Stephan Micus: Athos (ECM 1551)

Stephan Micus
Athos: A Journey To The Holy Mountain

Stephan Micus Bavarian zither, sattar, shakuhachi, suling, ney, flowerpots, voice
Recorded November 1993–February 1994 at MCM Studios

If true meditation is not a centering but a shedding of the self into a plane where the ego no longer speaks under the illusion of a proper name, then Stephan Micus has walked some of the most meditative paths on disc. Inspired by a visit to the holy Greek mountain of Athos, his album of the same name bears traces of just such a traveler, one whose artistry sees medium and message as one. Those looking for anything close to the Byzantine chant that surely nourished his ears during this pilgrimage may feel disappointed. Then again, the Micus experience has never been about total re-creation, but rather about the ways in which the lens of his soul refracts all it comes in contact with during its itinerancy.

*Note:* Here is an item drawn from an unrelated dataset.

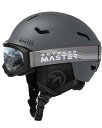 Xm[{[h EB^[X|[c COf [bpf AJf OutdoorMaster Ski Helmet Set,Snowboard Helmet with Goggles for Adults - Durable PC Shell, ProtectiveXm[{[h EB^[X|[c COf [bpf AJf
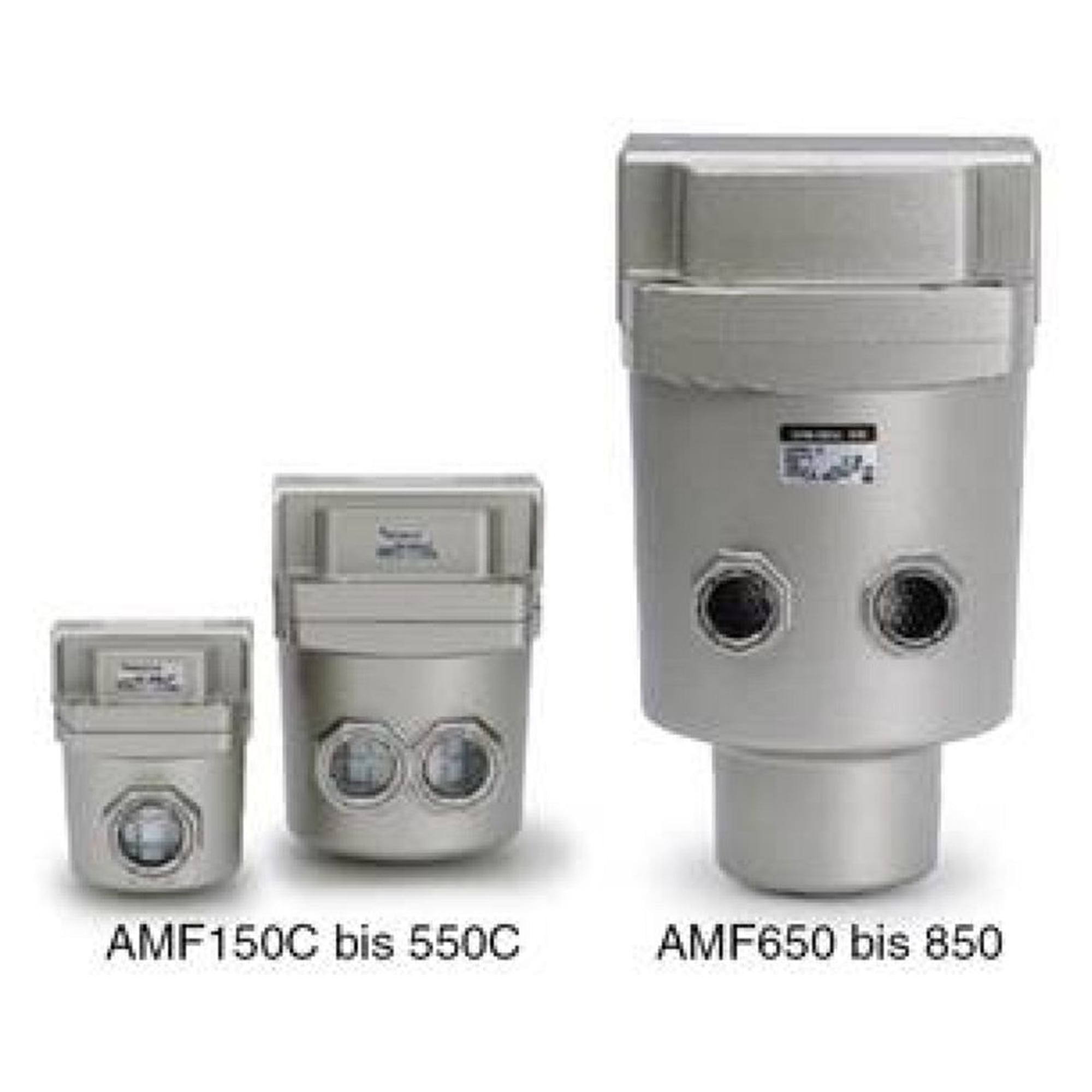 SMC AMF550C-F06. AMF150C-550C/AMF650-850, Odor Removal Filter, New Style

Athos takes a diurnal structure, with days marked by flutes of varying origins and nights woven in 22-part choruses, all sung by a multi-tracked Micus. The latter serve as touchstones in the fullness of his narrative, which takes its histrionic steps in voices mineral, unaffected, spun from the wood, clay, and strings of another time and place. In these drones is where the true indeterminacy of life takes shape, shifting from circle to ellipse and back again like a full moon stared at for too long. “The First Day,” a shakuhachi solo, rests on a sibilant edge and awakens like an animal from winter slumber, even as it cranes its neck, heron-like, back toward memory, now hazed by the passage of the seasons. “The Second Day” hangs a suling (Indonesian bamboo flute) above a garden of flowerpots. And in “The Third Day” Micus offers a ney solo, wavering like a reflection across molten rock and shaped by the lips of a divine glassblower who fashions from it a teardrop in the cosmos, forever crystalline and unshattered. Such music turns the sun inside out and shows us that its heart is nothing but shadow, for otherwise it would never know the generative power of fire.

This cosmic passage is bookended by a prologue and epilogue. “On The Way” pairs cascades of Bavarian zither with the tinny laments of sattar (long-necked bowed instrument of the Uyghur people). In its depths we weep at the fallacy of what we have created, but know that within the distorted memories of those tears lies something far more meaningful: constant change. This and more we hear in these moments, in the total dedication that engenders them. “On The Way Back” pulls those evening voices from the clothing of their afterlife, vibrating like a reed in the core of something devoid of song.

Athos is the diary of a sacred space whose pages are born in the siren that calls everyone into the stillness of eternity. It tugs your heart until it merges with Micus’s own, so attuned is his playing to the spirit of all that moves us to listen. He reaches through the veil of distance holding a broken watch, asking us to breathe time back into its silent circle.